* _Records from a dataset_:
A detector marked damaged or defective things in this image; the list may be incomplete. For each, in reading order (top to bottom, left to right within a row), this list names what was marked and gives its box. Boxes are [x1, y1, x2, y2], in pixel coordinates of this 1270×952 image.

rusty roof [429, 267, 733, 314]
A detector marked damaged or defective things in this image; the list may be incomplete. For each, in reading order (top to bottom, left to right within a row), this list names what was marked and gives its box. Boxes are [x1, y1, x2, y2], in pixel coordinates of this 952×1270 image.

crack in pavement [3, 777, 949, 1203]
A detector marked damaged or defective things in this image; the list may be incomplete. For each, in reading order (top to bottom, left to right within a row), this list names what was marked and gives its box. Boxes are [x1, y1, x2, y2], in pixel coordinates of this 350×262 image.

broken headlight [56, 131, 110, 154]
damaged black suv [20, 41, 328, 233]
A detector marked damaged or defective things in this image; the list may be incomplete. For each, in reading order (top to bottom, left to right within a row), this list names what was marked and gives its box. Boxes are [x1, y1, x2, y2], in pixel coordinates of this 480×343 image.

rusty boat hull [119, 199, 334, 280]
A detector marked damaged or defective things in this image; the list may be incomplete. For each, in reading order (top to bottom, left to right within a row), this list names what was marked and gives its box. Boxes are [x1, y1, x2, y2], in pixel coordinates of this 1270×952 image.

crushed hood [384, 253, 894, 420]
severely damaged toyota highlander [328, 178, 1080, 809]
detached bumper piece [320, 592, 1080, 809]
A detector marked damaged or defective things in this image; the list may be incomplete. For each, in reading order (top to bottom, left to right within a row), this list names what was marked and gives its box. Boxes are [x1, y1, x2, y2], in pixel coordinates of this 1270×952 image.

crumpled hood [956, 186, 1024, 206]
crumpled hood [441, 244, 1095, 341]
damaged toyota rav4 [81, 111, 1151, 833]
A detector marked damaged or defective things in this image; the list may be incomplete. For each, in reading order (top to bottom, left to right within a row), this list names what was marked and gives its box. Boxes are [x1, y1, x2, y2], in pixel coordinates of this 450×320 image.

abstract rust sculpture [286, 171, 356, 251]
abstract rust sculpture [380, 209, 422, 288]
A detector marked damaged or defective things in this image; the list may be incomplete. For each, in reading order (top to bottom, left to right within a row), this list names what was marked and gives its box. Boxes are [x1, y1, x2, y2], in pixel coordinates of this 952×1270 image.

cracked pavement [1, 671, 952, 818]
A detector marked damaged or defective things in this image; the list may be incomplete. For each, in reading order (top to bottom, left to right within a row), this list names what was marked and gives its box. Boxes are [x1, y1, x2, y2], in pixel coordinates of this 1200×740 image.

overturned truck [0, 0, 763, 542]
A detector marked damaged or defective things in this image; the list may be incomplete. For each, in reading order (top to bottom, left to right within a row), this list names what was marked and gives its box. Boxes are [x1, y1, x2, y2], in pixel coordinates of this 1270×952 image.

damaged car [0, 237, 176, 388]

* _What to do_:
All of the lines above need to be given again exactly.

* _Reply_:
A detector marked damaged or defective things in this image; the list may be incomplete. For each, in reading order (top to bottom, left to right within a row), this list names what was marked and gives its box. Boxes are [x1, y1, x2, y2], in pixel coordinates of this 1270×952 image.

rusty roof [429, 267, 733, 314]
A detector marked damaged or defective things in this image; the list may be incomplete. For each, in reading order (top to bottom, left to right within a row), this list names what was marked and gives its box. Boxes are [x1, y1, x2, y2], in pixel coordinates of this 952×1270 image.

crack in pavement [3, 777, 949, 1203]
A detector marked damaged or defective things in this image; the list may be incomplete. For each, in reading order (top to bottom, left to right within a row), this list names what was marked and gives its box. Boxes are [x1, y1, x2, y2], in pixel coordinates of this 350×262 image.

broken headlight [56, 131, 110, 154]
damaged black suv [20, 41, 328, 233]
A detector marked damaged or defective things in this image; the list may be incomplete. For each, in reading order (top to bottom, left to right within a row), this list names what was marked and gives its box. Boxes are [x1, y1, x2, y2], in pixel coordinates of this 480×343 image.

rusty boat hull [119, 199, 334, 280]
A detector marked damaged or defective things in this image; the list may be incomplete. For each, in reading order (top to bottom, left to right within a row), this list names what was marked and gives its box. Boxes are [x1, y1, x2, y2], in pixel coordinates of this 1270×952 image.

crushed hood [384, 253, 894, 420]
severely damaged toyota highlander [328, 178, 1080, 809]
detached bumper piece [320, 592, 1080, 809]
A detector marked damaged or defective things in this image; the list may be incomplete. For each, in reading order (top to bottom, left to right within a row), this list names what was marked and gives its box. Boxes are [x1, y1, x2, y2], in pixel coordinates of this 1270×952 image.

crumpled hood [956, 186, 1024, 206]
crumpled hood [441, 244, 1095, 341]
damaged toyota rav4 [81, 111, 1151, 833]
A detector marked damaged or defective things in this image; the list may be incomplete. For each, in reading order (top to bottom, left to right within a row), this list names what was marked and gives its box. Boxes are [x1, y1, x2, y2], in pixel coordinates of this 450×320 image.

abstract rust sculpture [286, 171, 356, 251]
abstract rust sculpture [380, 209, 422, 288]
A detector marked damaged or defective things in this image; the list may be incomplete. For each, in reading order (top to bottom, left to right within a row), this list names what was marked and gives its box. Boxes are [x1, y1, x2, y2], in pixel coordinates of this 952×1270 image.

cracked pavement [1, 671, 952, 818]
A detector marked damaged or defective things in this image; the list may be incomplete. For each, in reading order (top to bottom, left to right within a row), this list names what was marked and gives its box. Boxes are [x1, y1, x2, y2], in pixel coordinates of this 1200×740 image.

overturned truck [0, 0, 763, 542]
A detector marked damaged or defective things in this image; the list may be incomplete. For each, in reading order (top to bottom, left to right within a row), this list names what was marked and gives its box. Boxes are [x1, y1, x2, y2], in pixel coordinates of this 1270×952 image.

damaged car [0, 237, 176, 388]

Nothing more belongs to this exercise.